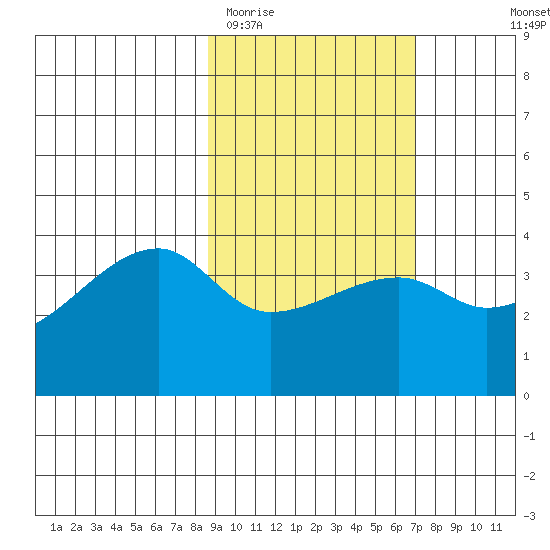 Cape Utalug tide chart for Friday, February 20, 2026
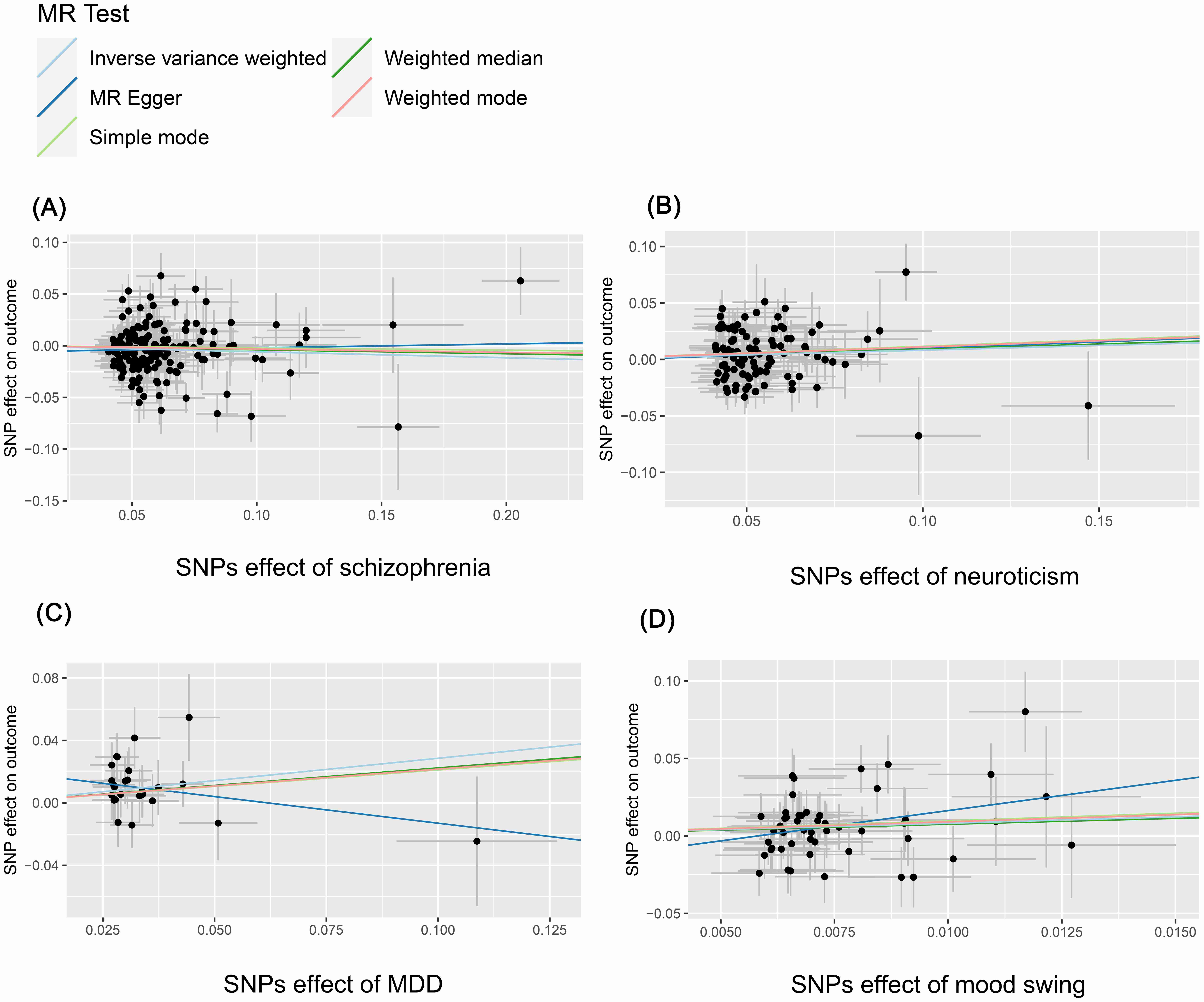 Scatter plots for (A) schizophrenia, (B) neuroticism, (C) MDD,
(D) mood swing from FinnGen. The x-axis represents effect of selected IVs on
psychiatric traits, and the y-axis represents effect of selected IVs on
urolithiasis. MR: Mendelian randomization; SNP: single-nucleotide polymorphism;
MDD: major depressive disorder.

--

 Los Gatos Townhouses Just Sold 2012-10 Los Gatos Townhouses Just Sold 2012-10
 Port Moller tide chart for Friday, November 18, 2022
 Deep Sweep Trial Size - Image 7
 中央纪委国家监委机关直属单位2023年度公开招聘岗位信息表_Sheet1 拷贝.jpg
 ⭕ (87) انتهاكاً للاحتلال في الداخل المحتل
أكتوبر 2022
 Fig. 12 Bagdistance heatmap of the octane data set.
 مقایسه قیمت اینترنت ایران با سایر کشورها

— What you should do —
What is the number of lines in the data that contain "represents"? Write that number and nothing else.

— Answer space —
2